Work to be completed:
The response should consist solely of the lines running from the line with "Grössen von Artland" to the end of the data, retyped exactly.

Exercise materials:
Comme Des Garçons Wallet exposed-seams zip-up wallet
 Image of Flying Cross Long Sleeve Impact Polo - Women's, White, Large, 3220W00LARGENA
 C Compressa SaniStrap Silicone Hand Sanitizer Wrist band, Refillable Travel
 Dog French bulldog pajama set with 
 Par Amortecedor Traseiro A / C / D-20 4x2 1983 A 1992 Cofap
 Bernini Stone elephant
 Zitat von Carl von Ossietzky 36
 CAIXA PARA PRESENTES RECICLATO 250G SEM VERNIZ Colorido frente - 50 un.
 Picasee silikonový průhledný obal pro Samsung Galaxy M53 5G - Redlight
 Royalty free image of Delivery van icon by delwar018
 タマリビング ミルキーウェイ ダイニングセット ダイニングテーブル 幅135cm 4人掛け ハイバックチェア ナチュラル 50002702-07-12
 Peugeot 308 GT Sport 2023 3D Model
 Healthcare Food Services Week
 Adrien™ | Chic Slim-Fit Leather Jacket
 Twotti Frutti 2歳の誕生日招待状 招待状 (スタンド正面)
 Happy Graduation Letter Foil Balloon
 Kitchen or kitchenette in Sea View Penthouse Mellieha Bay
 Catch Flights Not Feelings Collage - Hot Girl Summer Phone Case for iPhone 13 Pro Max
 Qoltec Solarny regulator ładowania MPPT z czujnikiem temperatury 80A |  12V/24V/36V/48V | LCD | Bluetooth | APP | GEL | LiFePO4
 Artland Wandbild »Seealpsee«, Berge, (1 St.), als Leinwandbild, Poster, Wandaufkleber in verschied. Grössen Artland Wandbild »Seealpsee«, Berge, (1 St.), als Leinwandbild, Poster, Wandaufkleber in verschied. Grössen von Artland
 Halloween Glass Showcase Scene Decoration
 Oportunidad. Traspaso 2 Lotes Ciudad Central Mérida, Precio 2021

The completed task:
 Artland Wandbild »Seealpsee«, Berge, (1 St.), als Leinwandbild, Poster, Wandaufkleber in verschied. Grössen Artland Wandbild »Seealpsee«, Berge, (1 St.), als Leinwandbild, Poster, Wandaufkleber in verschied. Grössen von Artland
 Halloween Glass Showcase Scene Decoration
 Oportunidad. Traspaso 2 Lotes Ciudad Central Mérida, Precio 2021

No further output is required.